On January 19, 2012, Henry Abbot wrote a fantastic article about how NBA champions no longer play their stars heavy minutes. I came across this article when I was reading another more recent article he wrote about the disappearance of 20 points-per-game scorers (also a really fun read), and it struck me that the 2012 piece is particularly relevant to this year's Clipper squad.

Pound it.
Pound it.

Abbot, one of my favorite writers at ESPN, discussed how over the past 20 years, 11 of the first 13 champions had players who had played over 3,000 minutes (i.e. 37 minutes per game). But over these last 7 years, exactly zero champions have had players who played over 3,000 minutes. As this was written in 2012, it didn't include the 2012 Champions, the Miami Heat, and last year LeBron James played 37.5 minutes and won the title. However, in the lockout-shortened season, he still didn't breach the 3,000 threshold, and I'm not sure the fatigue-level of a 66-game season is really comparable to a regular one.

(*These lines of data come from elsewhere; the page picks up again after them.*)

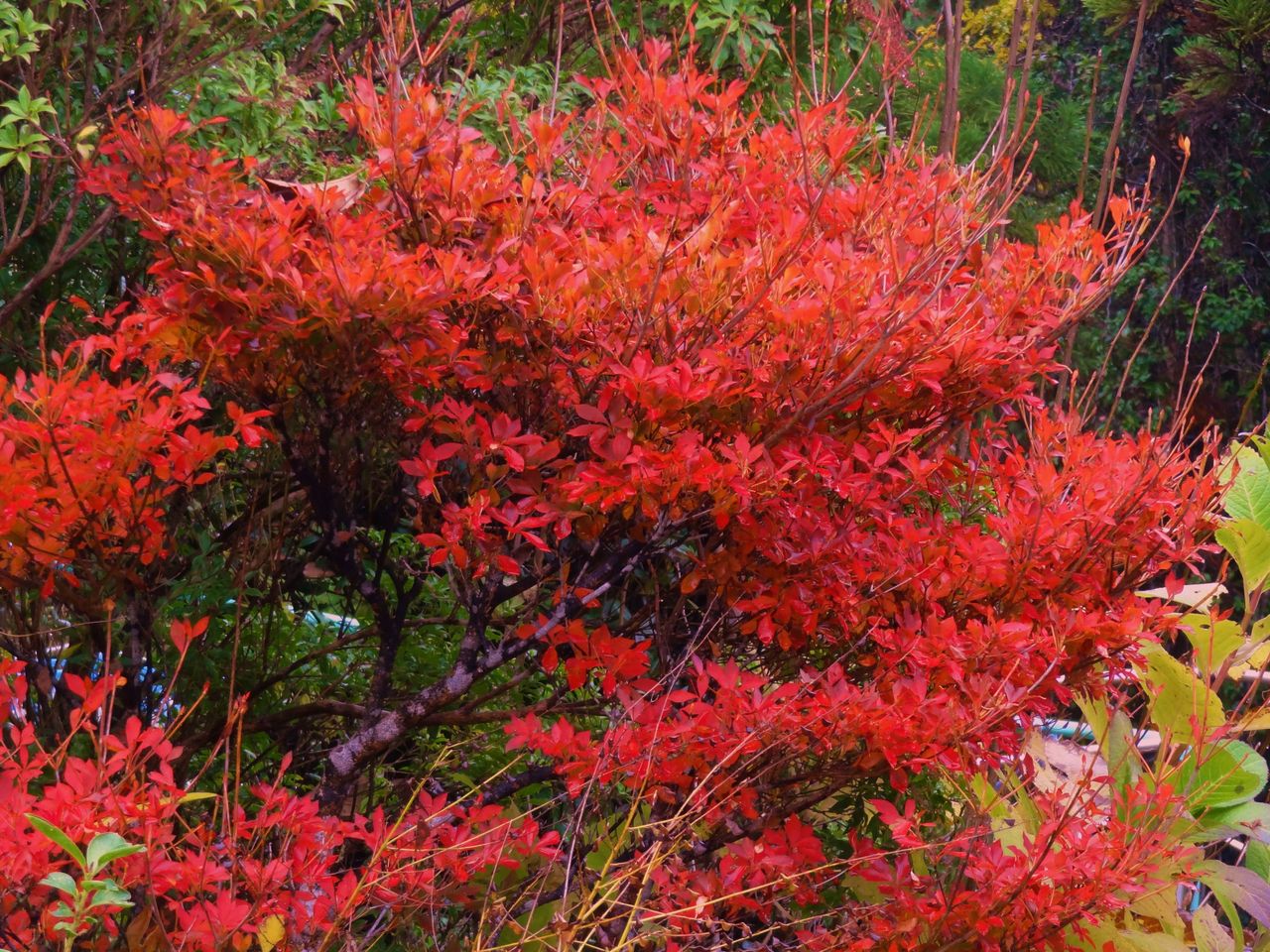 紅葉樹木 土佐料理 旬の鰹がゆく 紅葉樹木 土佐料理 旬の鰹がゆく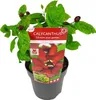 Sinocalycanthus Hartlage Wine, srednica 19cm, wysokosc 30 - Podgląd zdjęcia produktu 1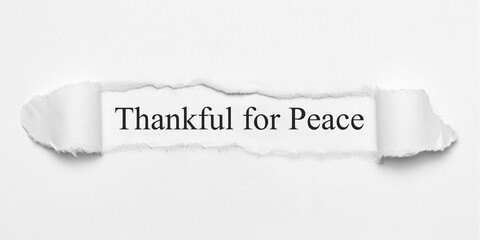 Obraz premium Thankful for Peace 
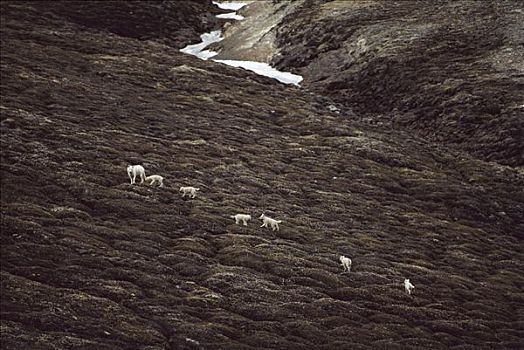 北极狼,狼,成年,幼仔,苔原,艾利斯摩尔岛,加拿大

Abbot also included the average of the top 3 minutes played among championship teams (I added in the Heat):

MPG Team
35.0 2012 Heat
31.4 2011 Mavericks
32.6 2010 Lakers
34.1 2009 Lakers
31.8 2008 Celtics
31.2 2007 Spurs
31.2 2006 Heat
30.8 2005 Spurs
34.8 2004 Pistons
34.6 2003 Spurs
31.6 2002 Lakers
32.5 2001 Lakers
33.4 2000 Lakers
34.6 1999 Spurs
33.8 1998 Bulls
33.1 1997 Bulls
32.6 1996 Bulls
31.1 1995 Rockets
35.6 1994 Rockets
36.3 1993 Bulls
37.1 1992 Bulls

As you can see, the recent trend has been for teams to play their stars fewer minutes. Last year's Heat team changed that trend, but as mentioned previously, that season may not have been comparable. Also, last year marked a career low in minutes played for James, Wade, and the lowest for Bosh since he was a rookie. But I digress; let's get back to the subject at hand. Over the last 8 years, Championship teams have played their top three an average of 32 MPG, compared to an average of 34 MPG for the 13 years prior.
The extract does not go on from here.